The difference turned out to be the service’s role. microservice-app only handles application-specific logic. microservice-iam handles user data and authentication for the entire platform. Every request that hits the gateway, regardless of destination, triggers an auth check that uses microservice-iam.

It was getting hammered with exponentially higher request volume than microservice-app. While microservice-app was suffering from the same latency bug, it was just enough “under the radar” to scrape by with slow successes. microservice-iam, sitting in the critical path of everything, was being pushed over the edge.

I wrote a script to simulate the Redis call sequence directly from the container:

Call 1: 200ms
Call 2: 400ms
Call 3: 800ms
Call 4: 1.6s
Call 5: 3.2s

By the time metadata checks were finished, over 18 seconds had passed.

The Root Cause

The issue was a conflict between our environment configuration and the Redis driver’s default behavior.

Configuration Drift: The environment configuration for develop had a REDIS_PASSWORD set. However, the Redis server on develop was running in a mode that did not require authentication.
Driver Behavior: We were using Keyv, which defaults to the node-redis driver. When this driver detects an auth mismatch (sending a password when none is needed), it doesn’t just fail or ignore it—it enters a retry loop with an exponential back-off.
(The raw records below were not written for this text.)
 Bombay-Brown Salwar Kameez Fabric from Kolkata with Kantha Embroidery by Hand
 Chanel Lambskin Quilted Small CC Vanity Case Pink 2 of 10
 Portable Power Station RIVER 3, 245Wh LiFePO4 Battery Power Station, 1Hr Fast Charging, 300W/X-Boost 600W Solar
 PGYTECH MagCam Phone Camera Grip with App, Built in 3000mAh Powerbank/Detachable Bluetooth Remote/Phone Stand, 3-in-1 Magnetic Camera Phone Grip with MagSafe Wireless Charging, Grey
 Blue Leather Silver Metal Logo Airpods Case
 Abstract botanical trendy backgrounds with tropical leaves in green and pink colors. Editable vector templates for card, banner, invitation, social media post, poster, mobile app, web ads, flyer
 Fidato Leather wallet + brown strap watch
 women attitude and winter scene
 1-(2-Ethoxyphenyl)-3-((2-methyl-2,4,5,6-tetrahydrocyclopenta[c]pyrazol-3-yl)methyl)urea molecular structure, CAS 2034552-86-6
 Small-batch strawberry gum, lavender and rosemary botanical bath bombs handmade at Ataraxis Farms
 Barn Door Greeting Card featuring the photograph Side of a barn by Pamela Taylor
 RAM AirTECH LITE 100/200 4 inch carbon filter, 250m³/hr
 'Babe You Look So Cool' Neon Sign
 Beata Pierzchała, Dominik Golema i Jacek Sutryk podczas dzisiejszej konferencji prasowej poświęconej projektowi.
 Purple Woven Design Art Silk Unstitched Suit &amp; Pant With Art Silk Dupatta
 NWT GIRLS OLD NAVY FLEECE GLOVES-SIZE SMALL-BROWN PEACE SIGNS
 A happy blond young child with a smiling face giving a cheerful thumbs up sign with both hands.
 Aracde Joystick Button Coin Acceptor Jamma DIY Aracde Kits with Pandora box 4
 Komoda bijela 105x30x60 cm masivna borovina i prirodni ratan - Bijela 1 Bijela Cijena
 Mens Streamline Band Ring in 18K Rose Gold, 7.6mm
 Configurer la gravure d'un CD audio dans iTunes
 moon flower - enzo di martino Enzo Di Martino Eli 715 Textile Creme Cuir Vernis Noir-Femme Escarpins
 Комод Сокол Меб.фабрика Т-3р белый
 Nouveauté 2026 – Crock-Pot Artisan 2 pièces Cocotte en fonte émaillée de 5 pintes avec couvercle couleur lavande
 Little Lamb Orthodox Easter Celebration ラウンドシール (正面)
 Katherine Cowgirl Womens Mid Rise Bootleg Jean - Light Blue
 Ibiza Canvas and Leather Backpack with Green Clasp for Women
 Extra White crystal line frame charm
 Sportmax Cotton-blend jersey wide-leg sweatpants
Because microservice-iam made a number of sequential calls, that back-off penalty was applied n times, compounding until the request timed out.

The Fix

We didn’t need to fix the server config (though we should); we needed the application to be resilient to this kind of drift.

We switched the underlying driver to ioredis. Unlike node-redis, ioredis handles unnecessary passwords gracefully: it logs a warning but executes the command immediately without a delay.

// Before: Implicitly using node-redis
return createKeyv(redisUri);

// After: Explicitly injecting ioredis
const redis = createRedisInstance(config);
return createKeyv(redis);

After deploying this change, request durations dropped from 18 seconds to 35 milliseconds.

Takeaway

Inconsistent failure modes are often just volume issues in disguise. The fact that one service worked while another failed didn’t mean the infrastructure was healthy, it just meant one service was hitting the “poison” button more often than the other.